Yo ande un tiempo como mirando y queriendo hacerlo online, por tema compatibilidades horarias y precio.

Sigo sin hacerlo, ya que creo que es mucho mejor si se puede hacer presencial, ya que aparte de los conocimientos....de lo que mas podrás sacar será de los contactos que puedas hacer.


----------



## Martillo de Herejes (4 Oct 2012)

Yo realicé el MBA Part Time de ESADE en el 2005 y no lo recomiendo mucho. Hay demasiada gente con MBA y muy pocas ofertas de trabajo, por lo tanto es complicado que te sirva para mejorar laboralmente. Practicamente de mi promoción nadie mejoró laboralmente.

Además en cuestión de contactos, vas a realizarlos con gente de tu mismo nivel con lo cuál no te aporta nada.


----------



## nyc99 (4 Oct 2012)

Martillo de Herejes dijo:


> Yo realicé el MBA Part Time de ESADE en el 2005 y no lo recomiendo mucho. Hay demasiada gente con MBA y muy pocas ofertas de trabajo, por lo tanto es complicado que te sirva para mejorar laboralmente. Practicamente de mi promoción nadie mejoró laboralmente.
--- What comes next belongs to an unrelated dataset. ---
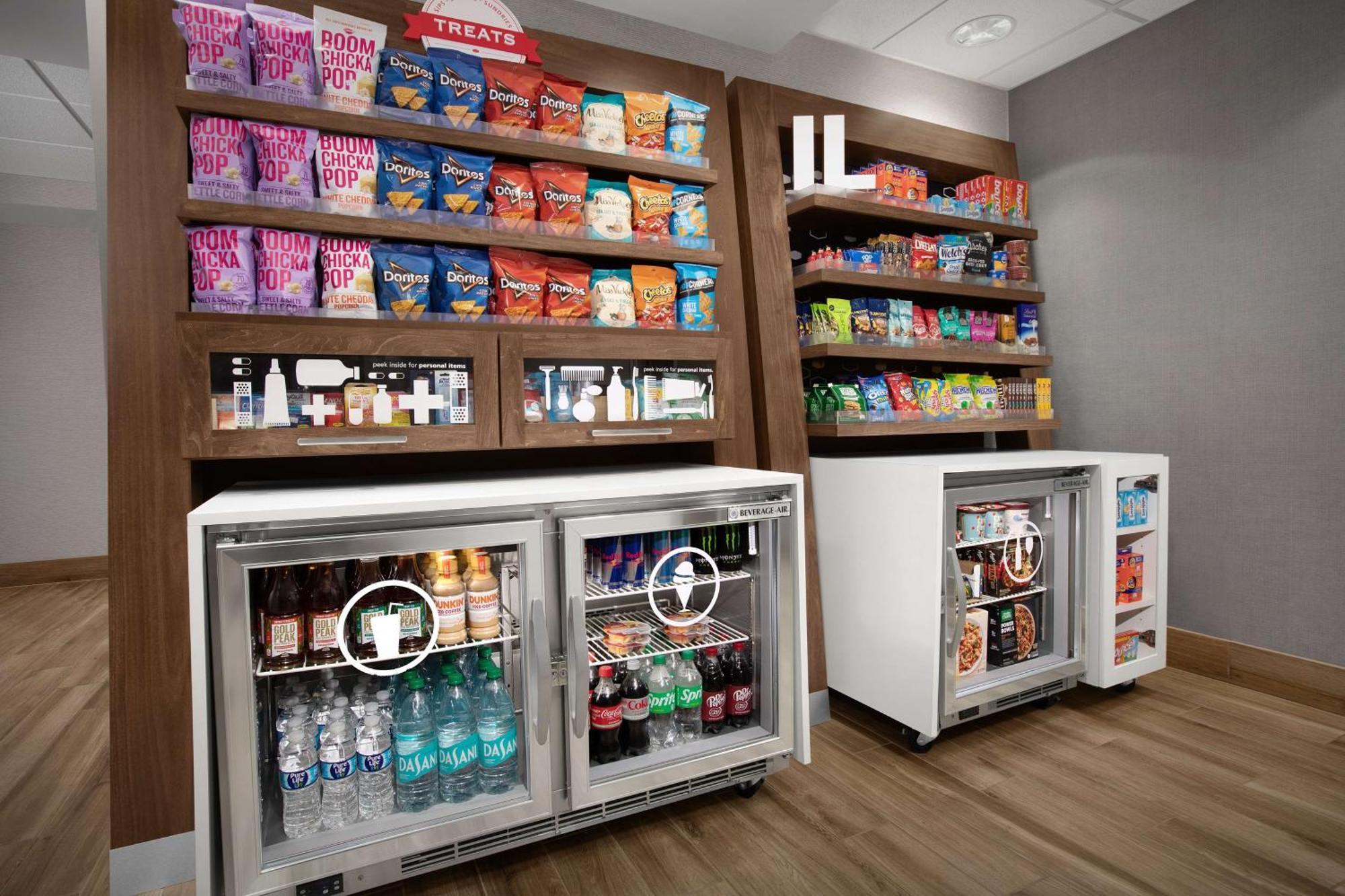 Hampton Inn Yorkville Екстериор снимка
uff y eso que hiciste el de ESADE uno de los mejores y también de los mas caros.


----------



## Wifli (4 Oct 2012)

Muchas gracias por responder jefes!

Soy consciente que hacerlo presencial es mucho mejor que uno online, por temas de contactos y así, pero no puedo, a no ser que sean viernes a la tarde y sábados a la mañana....
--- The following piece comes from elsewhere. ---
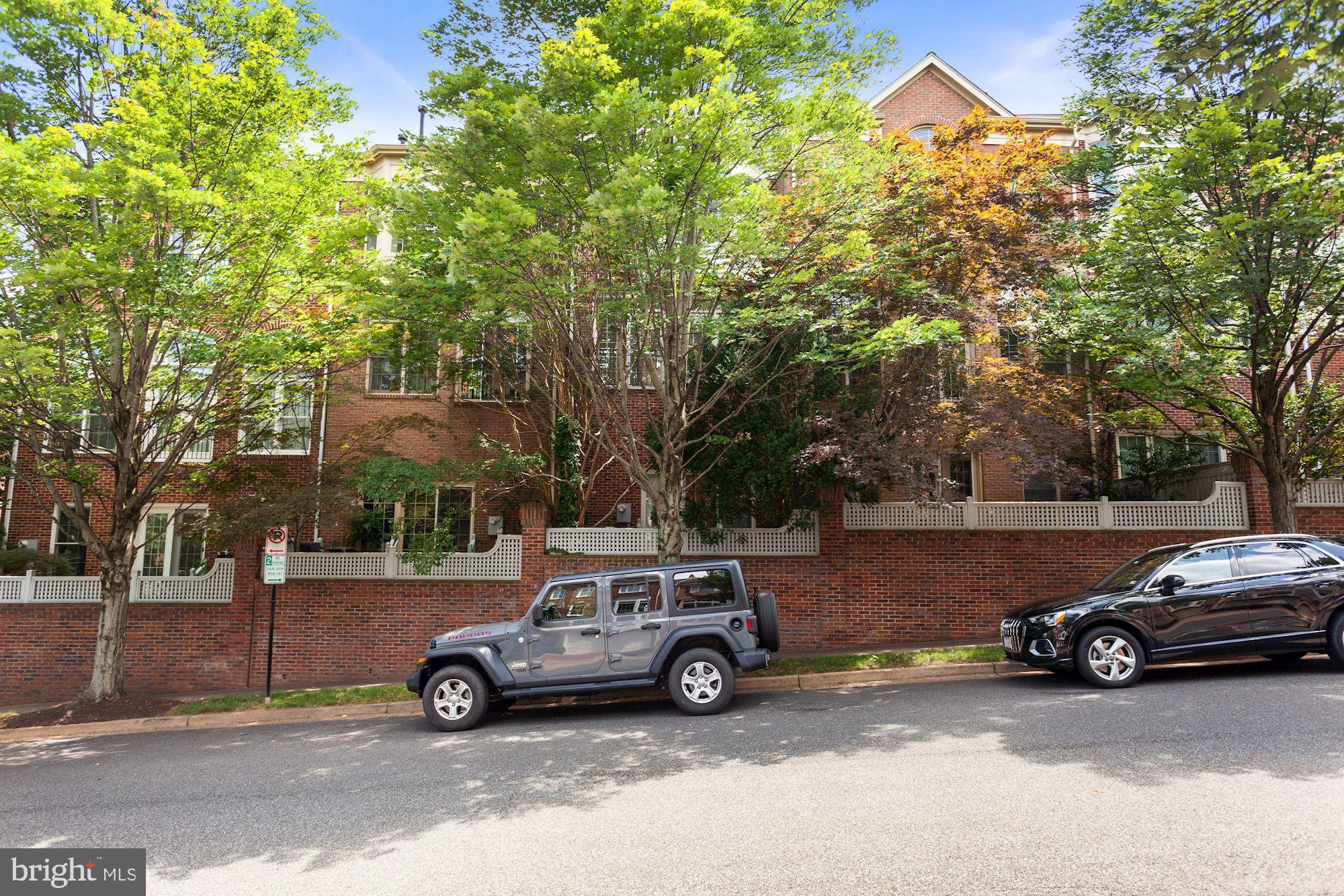 PALISADES PARK - Residential Lease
Considero que es un master importante, y al tener un perfil técnico me va a venirmuy bien esa visión, he leído y estudiado algo de dirección de empresas pero nada a tan alto nivel como este master. 
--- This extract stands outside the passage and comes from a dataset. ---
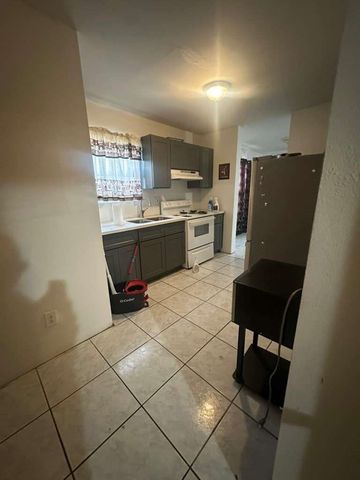 8404 Leander Street, Houston, TX 77012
Pero claro, como en todo, entra el puto oro verde y los demás se me van de presupuesto....

¿Alguien tiene referencias de alguno de estos?

Thankss!!!


----------



## Wifli (4 Oct 2012)

¿¿¿ Ningún forero/a a cursado algún master en estas escuelas o tiene experiencia en otros para que pueda asesorarme a mí o a cualquier otroo ???


----------



## energia01 (4 Oct 2012)

Te puedo hablar desde mi experiencia, me gaste 10.000€ en un master y no me ha servido para nada!! Me hice unos cursos de lo mio y me puse como autónoma. 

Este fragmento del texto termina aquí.